= Kappa Guild =

Charity based in Baltimore, Maryland

Kappa Guild, Inc. is a charity founded in 1955 that raises funds to support children's health and welfare, providing medical equipment and resources to pediatric hospitals and programs across Maryland. It was established by former members of the Kappa Sigma Tau sorority in Baltimore.

==Early years==
Kappa Guild, Inc., was founded in 1955 in Baltimore, Maryland, by ten former members of the high school sorority Kappa Sigma Tau. Initially established as a social club, Kappa Guild shifted focus to charitable activities. This shift was influenced by founding member Sallie Rifkin, who, while accompanying her young son during his hospital stay for heart surgery, noticed a lack of toys, play spaces, and other amenities for children in hospitals. Rifkin and the other founders directed their efforts toward improving the experience of hospitalized children. The guild's mission became: to support children's health and welfare by providing resources to local pediatric facilities.

At the beginning, Kappa Guild relied on a leadership structure that helped formalize and organize its activities. Rifkin, serving as the first president, played a role in establishing the guild's mission and led its early fundraising efforts, which included events in the community to collect funds for toys and other pediatric resources.

== Growth from 1970s to 1990s ==
On November 15, 1970, Kappa Guild presented an adaptation of Fiddler on the Roof at the Jewish Convalescent Home. Directed by Lynn Rosen, the performance featured counselors-in-training from Camp Wonderland in Randallstown, Maryland, with piano accompaniment by Lee Markowitz. By the late 1970s, Kappa Guild had over 70 active members and was holding annual fundraisers like luncheons, fashion shows, and "nearly new" sales, with all proceeds going to their charitable work for children.

Throughout the 1970s and 1980s, Kappa Guild's charitable projects expanded to support a variety of pediatric and educational facilities.
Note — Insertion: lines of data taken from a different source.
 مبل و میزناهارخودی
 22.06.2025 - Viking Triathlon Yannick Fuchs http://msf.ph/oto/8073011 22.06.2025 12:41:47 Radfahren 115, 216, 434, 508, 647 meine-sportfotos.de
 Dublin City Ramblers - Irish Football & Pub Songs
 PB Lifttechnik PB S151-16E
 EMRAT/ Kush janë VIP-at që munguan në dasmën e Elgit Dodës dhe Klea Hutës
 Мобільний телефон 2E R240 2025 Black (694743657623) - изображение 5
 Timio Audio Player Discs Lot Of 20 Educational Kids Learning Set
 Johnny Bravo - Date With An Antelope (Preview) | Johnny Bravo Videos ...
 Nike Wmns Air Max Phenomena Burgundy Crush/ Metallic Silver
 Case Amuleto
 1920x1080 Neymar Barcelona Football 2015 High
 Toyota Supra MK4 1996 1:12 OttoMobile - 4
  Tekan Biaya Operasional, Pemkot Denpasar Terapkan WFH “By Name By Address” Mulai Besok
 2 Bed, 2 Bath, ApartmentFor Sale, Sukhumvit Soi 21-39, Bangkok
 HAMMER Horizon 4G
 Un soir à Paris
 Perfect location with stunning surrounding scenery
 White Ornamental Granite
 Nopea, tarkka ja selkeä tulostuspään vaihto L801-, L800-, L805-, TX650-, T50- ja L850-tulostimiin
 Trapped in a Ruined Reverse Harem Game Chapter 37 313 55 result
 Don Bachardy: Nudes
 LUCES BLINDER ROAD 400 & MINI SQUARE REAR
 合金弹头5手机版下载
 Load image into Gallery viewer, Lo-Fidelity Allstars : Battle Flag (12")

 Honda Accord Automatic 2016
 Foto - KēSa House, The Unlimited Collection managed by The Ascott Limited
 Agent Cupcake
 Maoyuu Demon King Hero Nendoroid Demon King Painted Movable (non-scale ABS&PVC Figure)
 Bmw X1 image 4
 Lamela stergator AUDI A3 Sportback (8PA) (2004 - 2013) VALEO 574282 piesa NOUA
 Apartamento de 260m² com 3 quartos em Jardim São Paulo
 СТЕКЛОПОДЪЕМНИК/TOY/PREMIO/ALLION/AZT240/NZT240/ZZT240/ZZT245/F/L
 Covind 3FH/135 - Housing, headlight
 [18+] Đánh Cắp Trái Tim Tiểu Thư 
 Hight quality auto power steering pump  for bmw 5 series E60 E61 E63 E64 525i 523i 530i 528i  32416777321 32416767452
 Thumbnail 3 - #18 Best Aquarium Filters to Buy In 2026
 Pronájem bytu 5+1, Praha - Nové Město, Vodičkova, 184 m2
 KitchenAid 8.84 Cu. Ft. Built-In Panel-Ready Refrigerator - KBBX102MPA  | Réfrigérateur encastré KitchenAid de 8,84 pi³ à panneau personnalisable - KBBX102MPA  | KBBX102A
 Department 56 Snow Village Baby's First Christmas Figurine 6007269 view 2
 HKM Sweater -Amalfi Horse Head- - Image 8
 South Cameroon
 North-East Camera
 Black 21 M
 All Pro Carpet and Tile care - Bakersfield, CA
One early initiative was an pledge to the Maryland School for the Blind. Completed in 1976, the pledge funded an examining room equipped for children with physical and sensory disabilities. Around the same period, the guild funded a room at the Gateway School under the Hearing and Speech Agency of Metropolitan Baltimore, providing equipment to support children with hearing and speech impairments.

In 1980, Miriam Stern joined Kappa Guild and would later become an influential member, serving as vice president by 2021. Stern contributed to organizing social and fundraising events, which included luncheons, bus trips, and annual fashion shows. Her focus on building strong connections within the guild helped maintain member engagement and support over the years. During the 1980s and 1990s, Kappa Guild's contributions grew to include telemetry equipment and biofeedback machines for institutions like the Kennedy Krieger Institute's Seizure Clinic, along with resources for the Maryland Kidney Fund. In 1983, the organization donated an cineradiographic film processor to the University of Maryland Hospital's pediatric cardiology department.

== Current activities ==
Entering the 2000s, Kappa Guild continued its support of pediatric healthcare and educational institutions in Maryland, broadening its partnerships and funding projects at facilities such as the Mt. Washington Pediatric Hospital, University of Maryland Medical Center's neonatal intensive care unit, and the Herman and Walter Samuelson Children's Hospital at Sinai Hospital. By this period, the organization supported over 25 institutions and programs for children with special needs, chronic illnesses, and trauma, making contributions that included items such as rocking chairs, specialized wheelchairs, and play equipment.

In the early 2020s, Sheila Mentz took on leadership roles within Kappa Guild, serving as president during the COVID-19 pandemic. Mentz adapted the guild's operations to accommodate health and safety restrictions by organizing virtual meetings and continuing fundraising efforts online. Her focus on member communication, including regular updates to maintain morale, allowed the guild to continue its mission despite challenges posed by the pandemic. Under her leadership, Kappa Guild raised over $10,000 during this period, which was used to purchase specialized medical equipment, such as baby scales and therapeutic swings, for children's hospitals and programs.

In June 2023, Kappa Guild celebrated its 70th anniversary, which coincided with the organization's postponed 50th donor event. Originally scheduled for 2020, the donor event was rescheduled due to the pandemic and aligned with the guild's platinum jubilee celebration. Maryland legislators, including state senator Shelly L. Hettleman and delegate Dana Stein, attended the event and presented Kappa Guild with a citation from the Maryland General Assembly in recognition of its longstanding contributions to children's health and welfare in Baltimore. At the celebration, Mentz noted the Guild's resilience, quoting, "We cannot direct the wind but we can adjust the sails."